The Digital Self: Can the 4th Amendment fit in 140 characters?

The Digital Self Can the 4th Amendment fit in 140 characters

As the media continues to lather itself into a frothy frenzy over Edward Snowden, the now famous and infamous leaker of classified National Security Administration surveillance operations, it is important to remember that it is us, the people, for whom this ongoing story matters most. It is a story about both technology and law, and the unholy nether region where the two cross paths.
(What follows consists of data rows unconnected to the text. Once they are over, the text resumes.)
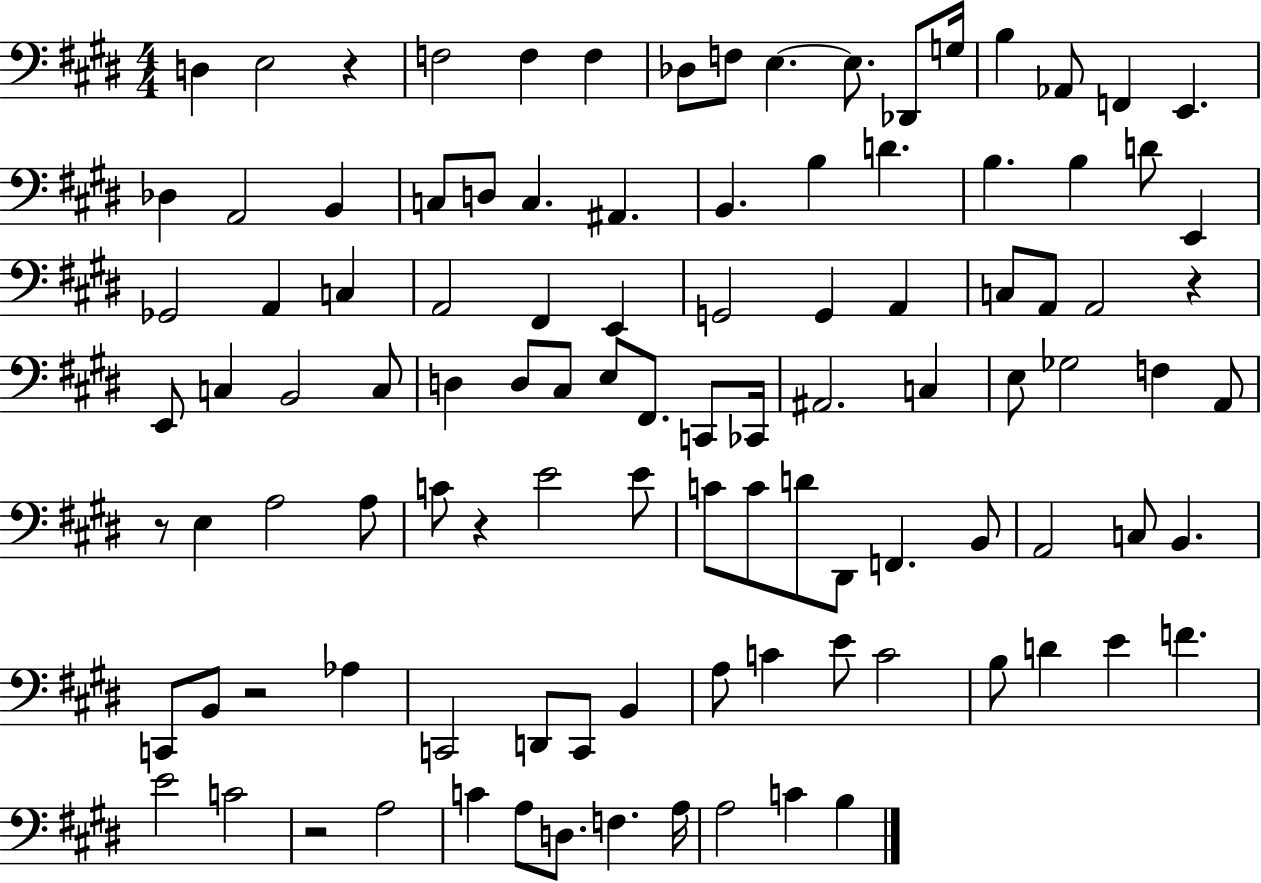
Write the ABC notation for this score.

X:1
T:Untitled
M:4/4
L:1/4
K:E
D, E,2 z F,2 F, F, _D,/2 F,/2 E, E,/2 _D,,/2 G,/4 B, _A,,/2 F,, E,, _D, A,,2 B,, C,/2 D,/2 C, ^A,, B,, B, D B, B, D/2 E,, _G,,2 A,, C, A,,2 ^F,, E,, G,,2 G,, A,, C,/2 A,,/2 A,,2 z E,,/2 C, B,,2 C,/2 D, D,/2 ^C,/2 E,/2 ^F,,/2 C,,/2 _C,,/4 ^A,,2 C, E,/2 _G,2 F, A,,/2 z/2 E, A,2 A,/2 C/2 z E2 E/2 C/2 C/2 D/2 ^D,,/2 F,, B,,/2 A,,2 C,/2 B,, C,,/2 B,,/2 z2 _A, C,,2 D,,/2 C,,/2 B,, A,/2 C E/2 C2 B,/2 D E F E2 C2 z2 A,2 C A,/2 D,/2 F, A,/4 A,2 C B, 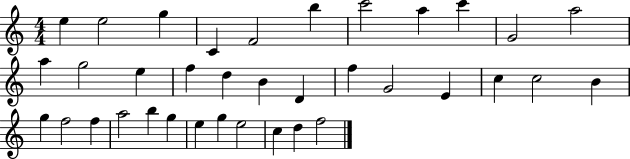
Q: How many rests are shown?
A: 0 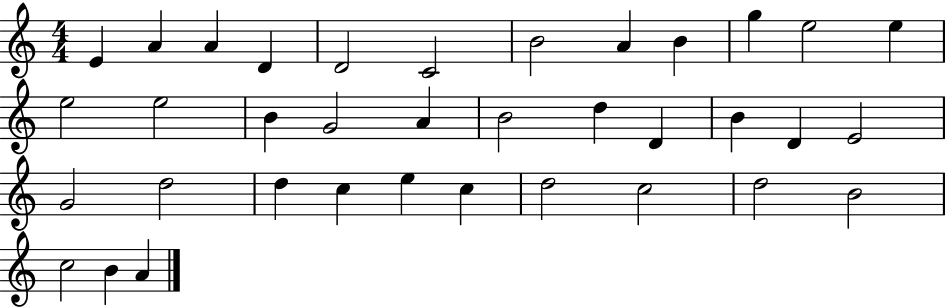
X:1
T:Untitled
M:4/4
L:1/4
K:C
E A A D D2 C2 B2 A B g e2 e e2 e2 B G2 A B2 d D B D E2 G2 d2 d c e c d2 c2 d2 B2 c2 B A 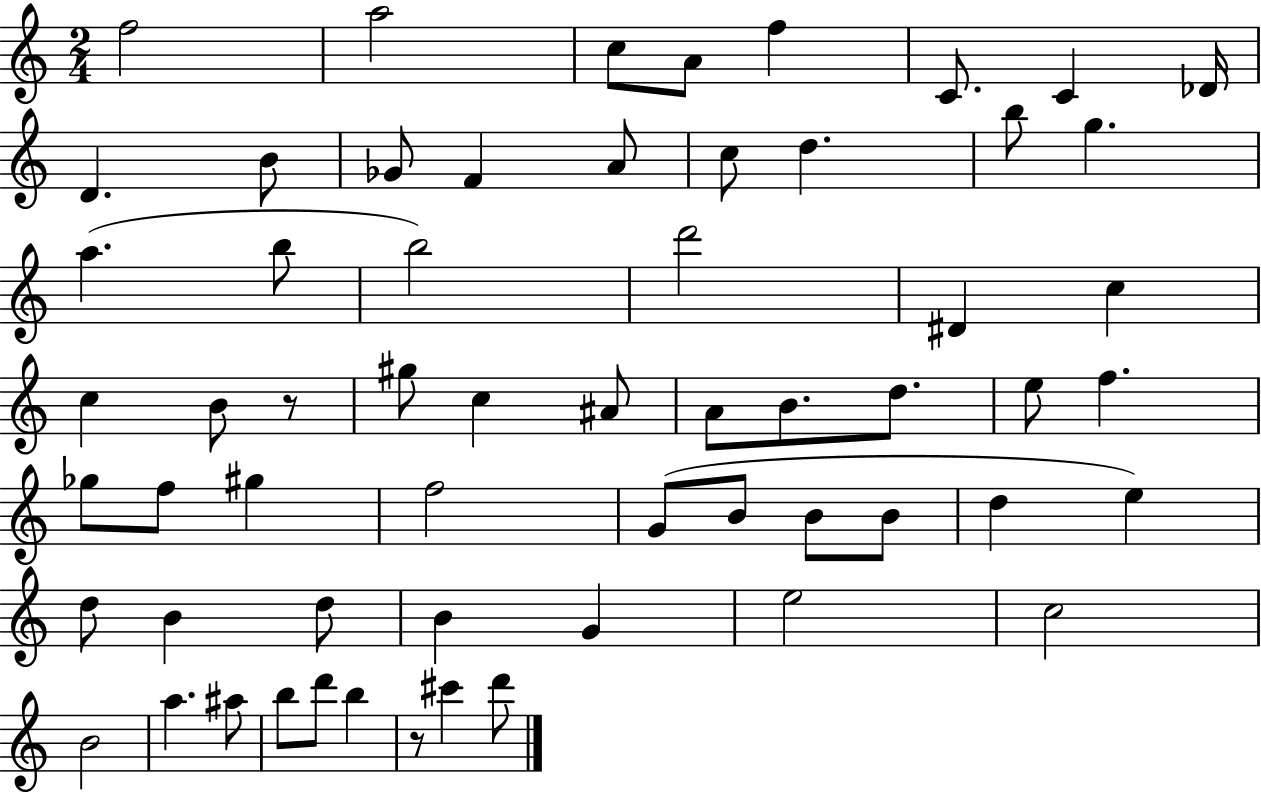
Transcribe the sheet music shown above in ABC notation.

X:1
T:Untitled
M:2/4
L:1/4
K:C
f2 a2 c/2 A/2 f C/2 C _D/4 D B/2 _G/2 F A/2 c/2 d b/2 g a b/2 b2 d'2 ^D c c B/2 z/2 ^g/2 c ^A/2 A/2 B/2 d/2 e/2 f _g/2 f/2 ^g f2 G/2 B/2 B/2 B/2 d e d/2 B d/2 B G e2 c2 B2 a ^a/2 b/2 d'/2 b z/2 ^c' d'/2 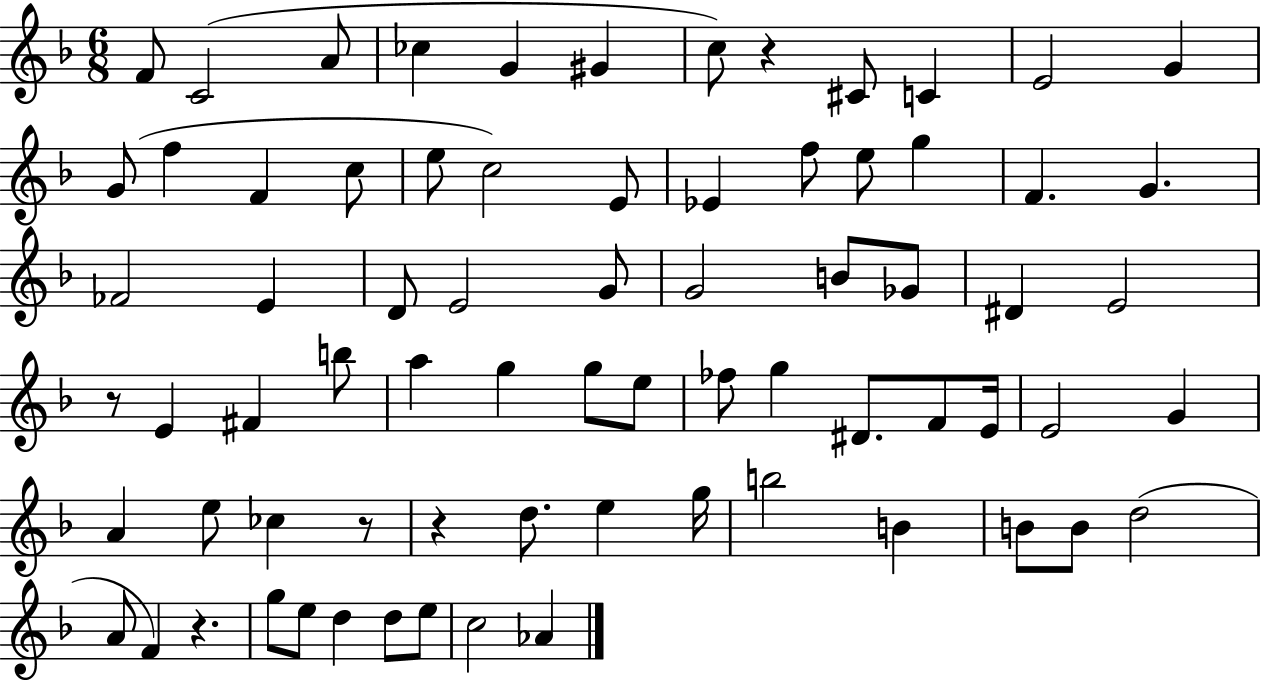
{
  \clef treble
  \numericTimeSignature
  \time 6/8
  \key f \major
  f'8 c'2( a'8 | ces''4 g'4 gis'4 | c''8) r4 cis'8 c'4 | e'2 g'4 | \break g'8( f''4 f'4 c''8 | e''8 c''2) e'8 | ees'4 f''8 e''8 g''4 | f'4. g'4. | \break fes'2 e'4 | d'8 e'2 g'8 | g'2 b'8 ges'8 | dis'4 e'2 | \break r8 e'4 fis'4 b''8 | a''4 g''4 g''8 e''8 | fes''8 g''4 dis'8. f'8 e'16 | e'2 g'4 | \break a'4 e''8 ces''4 r8 | r4 d''8. e''4 g''16 | b''2 b'4 | b'8 b'8 d''2( | \break a'8 f'4) r4. | g''8 e''8 d''4 d''8 e''8 | c''2 aes'4 | \bar "|."
} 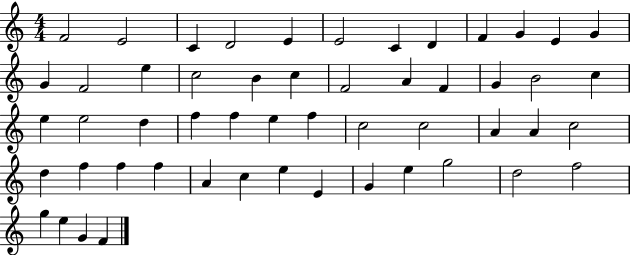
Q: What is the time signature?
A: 4/4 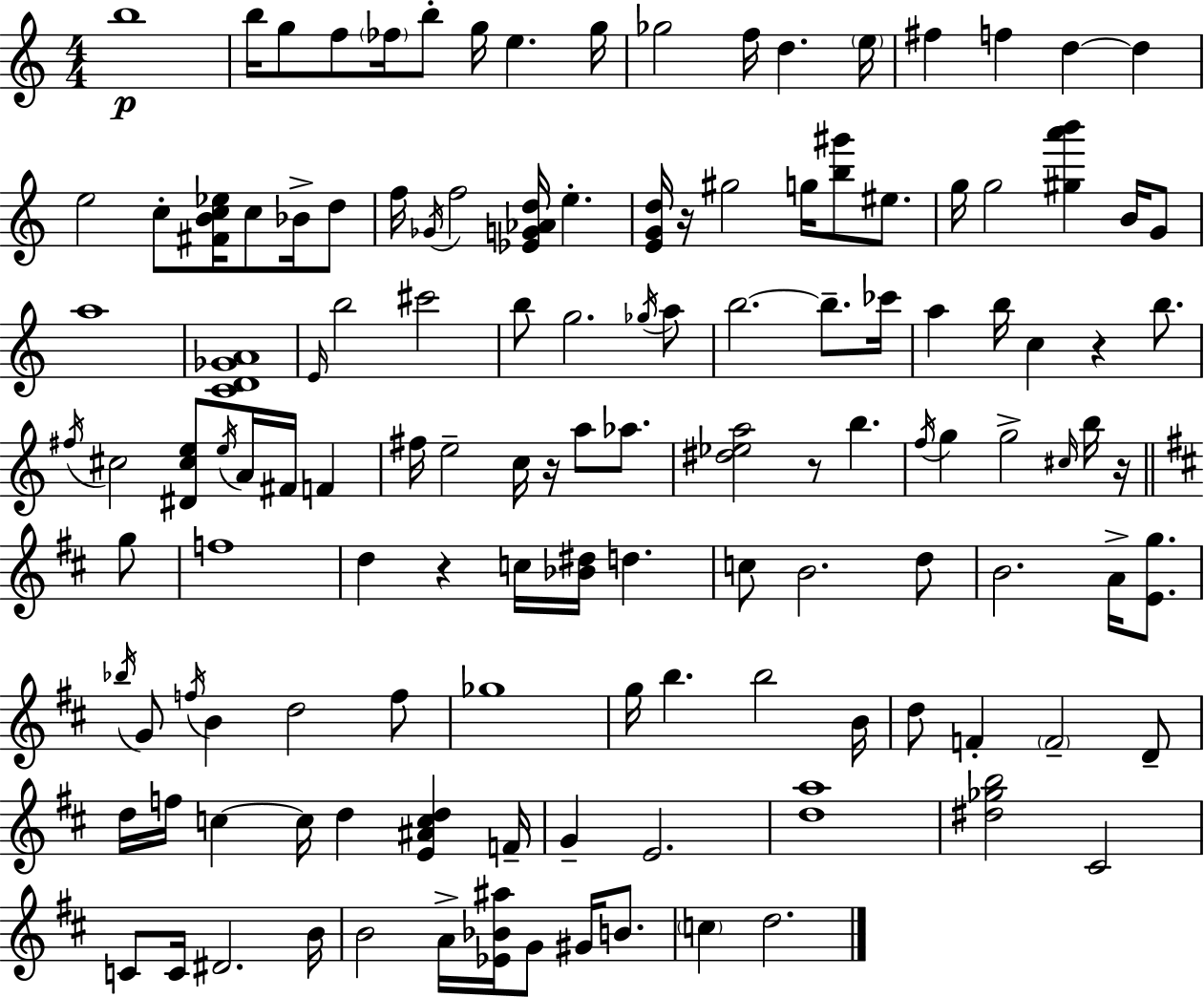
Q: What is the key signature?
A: A minor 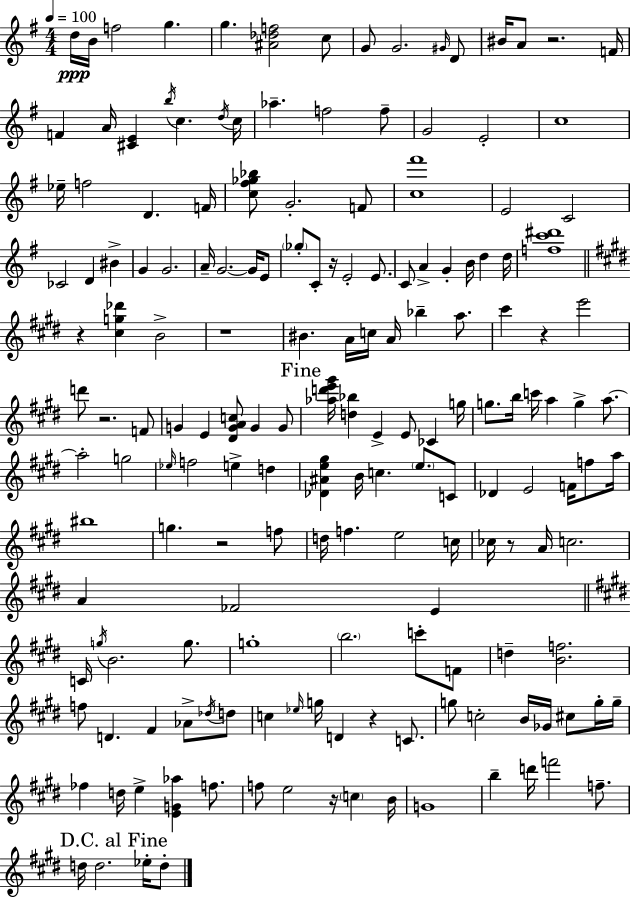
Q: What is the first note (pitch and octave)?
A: D5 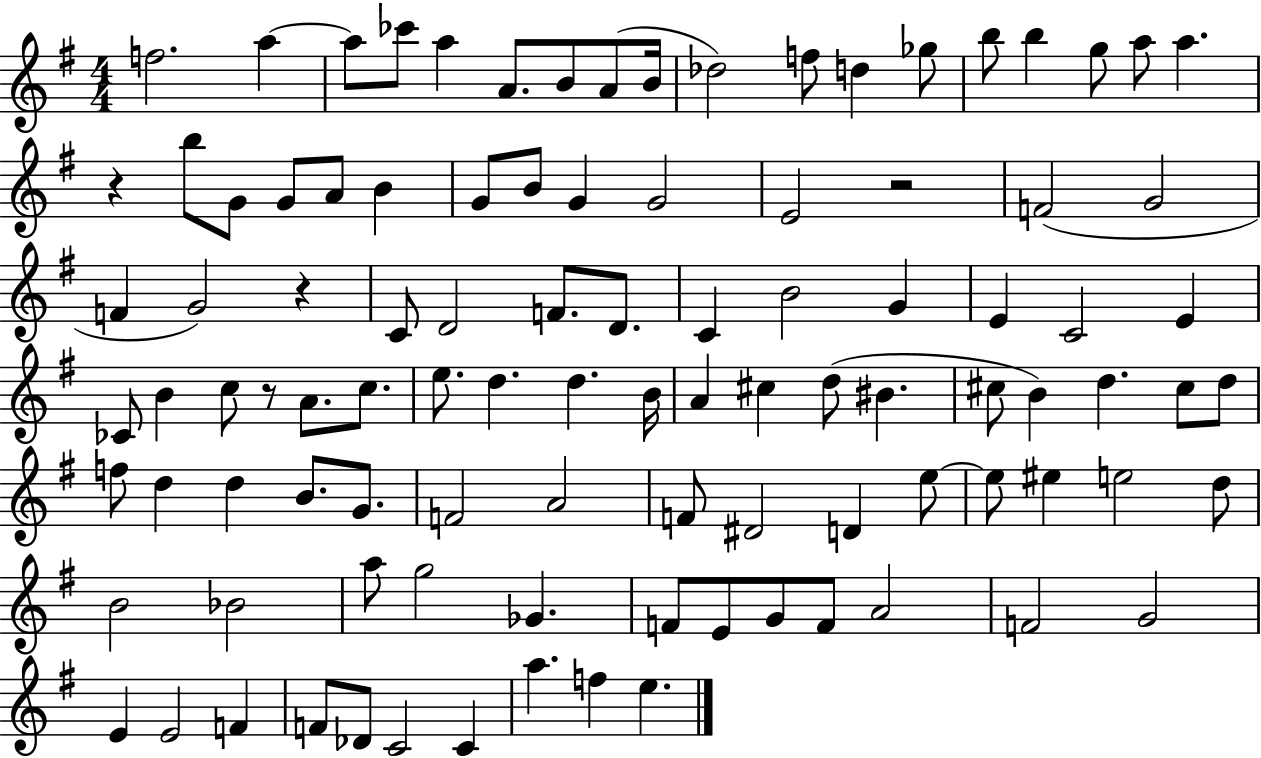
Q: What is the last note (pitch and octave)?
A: E5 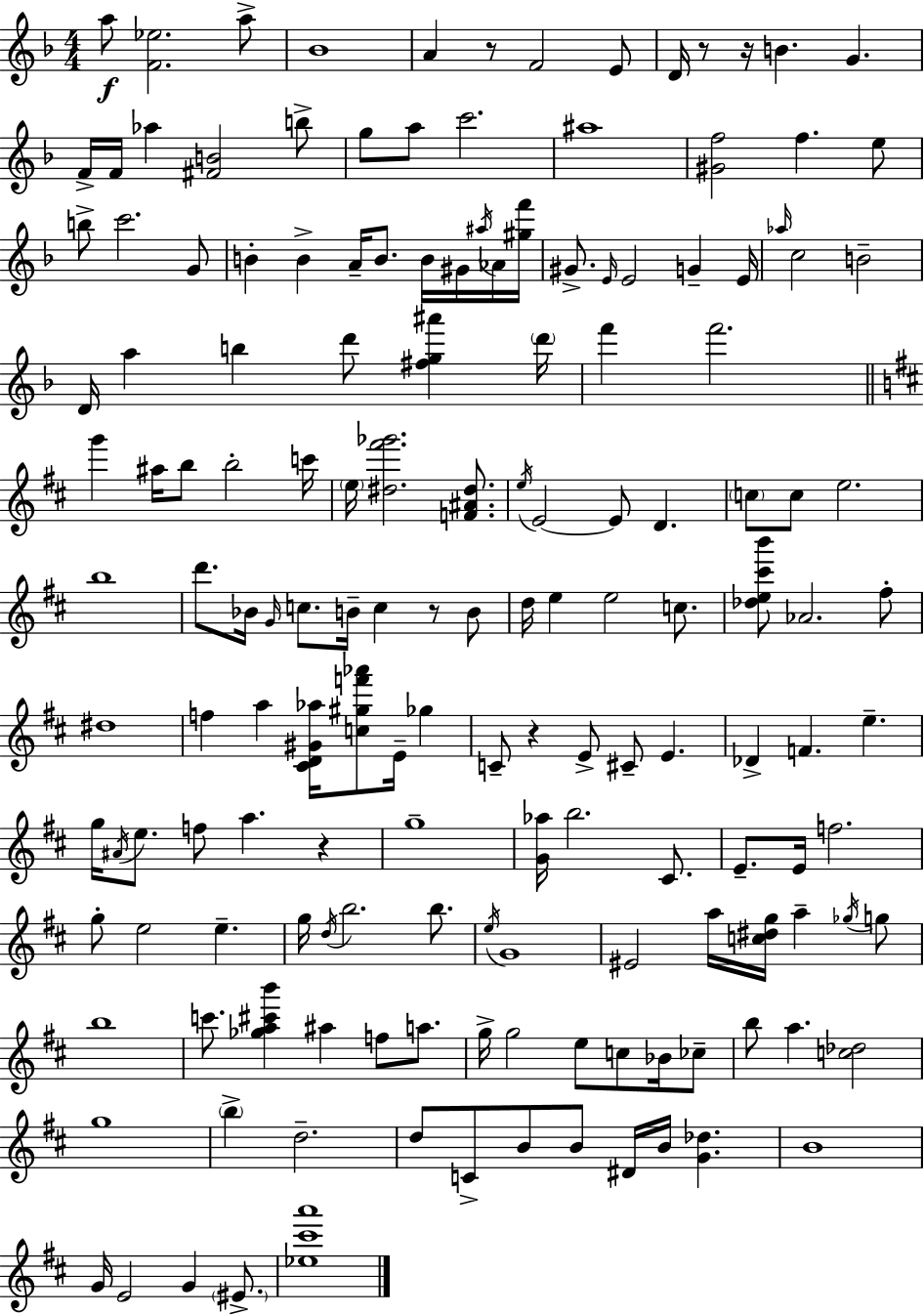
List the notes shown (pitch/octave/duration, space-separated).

A5/e [F4,Eb5]/h. A5/e Bb4/w A4/q R/e F4/h E4/e D4/s R/e R/s B4/q. G4/q. F4/s F4/s Ab5/q [F#4,B4]/h B5/e G5/e A5/e C6/h. A#5/w [G#4,F5]/h F5/q. E5/e B5/e C6/h. G4/e B4/q B4/q A4/s B4/e. B4/s G#4/s A#5/s Ab4/s [G#5,F6]/s G#4/e. E4/s E4/h G4/q E4/s Ab5/s C5/h B4/h D4/s A5/q B5/q D6/e [F#5,G5,A#6]/q D6/s F6/q F6/h. G6/q A#5/s B5/e B5/h C6/s E5/s [D#5,F#6,Gb6]/h. [F4,A#4,D#5]/e. E5/s E4/h E4/e D4/q. C5/e C5/e E5/h. B5/w D6/e. Bb4/s G4/s C5/e. B4/s C5/q R/e B4/e D5/s E5/q E5/h C5/e. [Db5,E5,C#6,B6]/e Ab4/h. F#5/e D#5/w F5/q A5/q [C#4,D4,G#4,Ab5]/s [C5,G#5,F6,Ab6]/e E4/s Gb5/q C4/e R/q E4/e C#4/e E4/q. Db4/q F4/q. E5/q. G5/s A#4/s E5/e. F5/e A5/q. R/q G5/w [G4,Ab5]/s B5/h. C#4/e. E4/e. E4/s F5/h. G5/e E5/h E5/q. G5/s D5/s B5/h. B5/e. E5/s G4/w EIS4/h A5/s [C5,D#5,G5]/s A5/q Gb5/s G5/e B5/w C6/e. [Gb5,A5,C#6,B6]/q A#5/q F5/e A5/e. G5/s G5/h E5/e C5/e Bb4/s CES5/e B5/e A5/q. [C5,Db5]/h G5/w B5/q D5/h. D5/e C4/e B4/e B4/e D#4/s B4/s [G4,Db5]/q. B4/w G4/s E4/h G4/q EIS4/e. [Eb5,C#6,A6]/w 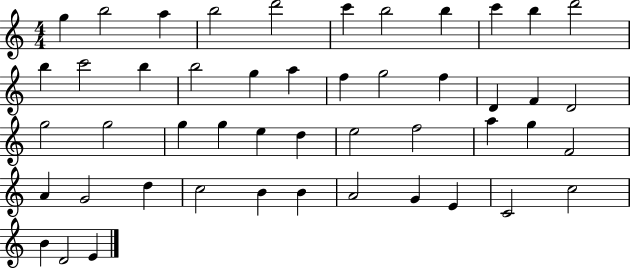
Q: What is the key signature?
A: C major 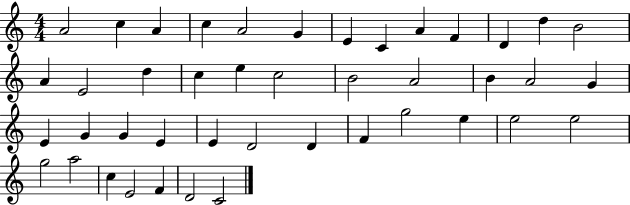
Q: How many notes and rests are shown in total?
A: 43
And it is this aspect of this wild tale that we need to focus on most – even if the legal mumbo jumbo makes us want to spend a whole day browsing BuzzFeed.

The legal debate surrounding the NSA’s PRISM surveillance program boils down to this: Supporters of the programs in the U.S. government say the gathering of data on citizens and foreigners is completely legal. Opponents say it may be legal – but it’s not constitutional.

This disconnect between our hopes and cynicism helps create the perfect wiggle room for “legal” dragnet surveillance.

This is an important distinction. The U.S. Constitution is, of course, the ultimate law of the land – the document on which all our laws are based, and by which they must abide. It’s entirely possible that the laws directly governing PRISM – the FISA Amendments Act and the Patriot Act – are unconstitutional, or are being used to justify unconstitutional activities, in which case the “it’s legal” argument means little. (Because these laws are interpreted by a secret court, nobody this side of top secret clearance can say so with certainty.) This is the premise on which some legal experts condemn NSA spying activities.

“The National Security Agency’s recently revealed surveillance programs undermine the purpose of the Foreign Intelligence Surveillance Act, which was established to prevent this kind of overreach,” writes Georgetown University law professor Laura K. Donohue in the Washington Post. “They violate the Fourth Amendment’s guarantee against unreasonable search and seizure.”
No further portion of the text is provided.